Hi Brian,

first, thanks a lot for helping out with CouchDB, driving discussions and
documentation, your work is highly appreciated.

On 25 Mar 2009, at 09:46, Brian Candler wrote:

This is where I think the introductory material on couchdb.apache.org does
CouchDB a big disservice by overhyping: it implies strongly that
distributed, replicated applications are easy to write with CouchDB, but I
don't think the reality matches that, at least not yet.

Of course, CouchDB is applied successfully to many projects. I have a
suspicion that most of them either (a) don't use replication at all, or (b) replicate mainly in a master->slave fashion, or (c) follow "append- only" pattern (new documents are added, but old documents are rarely modified). In these cases, the conflict issue is dodged entirely, which means CouchDB's
built-in "support" for replication conflict handling is moot.

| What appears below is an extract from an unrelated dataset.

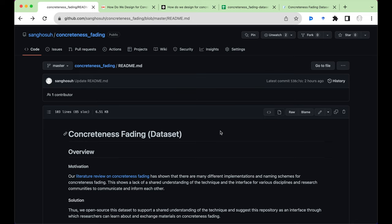In this video, I will explain what this GitHub repository is about and how to use it. This GitHub repository contains information about the dataset that provides a list of papers published on Concreteness Fading between 1966 and 2020.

I'd like to comment on this since you've brought up this point in the past.
CouchDB's conflict handling is not the final word on how conflicts have
to dealt with in an application. It is merely the building blocks with clearly defined and reliable behaviour that you can and have to build your conflict resolution on top of. Just like CouchDB doesn't magically handle concurrent writes, it simply rejects the second write and has the client deal with it. Or take replication: It is just an API with one POST endpoint and not a mechanism to keep two nodes in sync. Additional legwork, like using database update
notifications, is needed.

Conflict resolution is very application dependent and, like "scaling" and sharding, cannot be done in a generic way. I think the misconception here is that you derive from the docs, that CouchDB's conflict resolution does solve things generically where it does not, it is just another building block.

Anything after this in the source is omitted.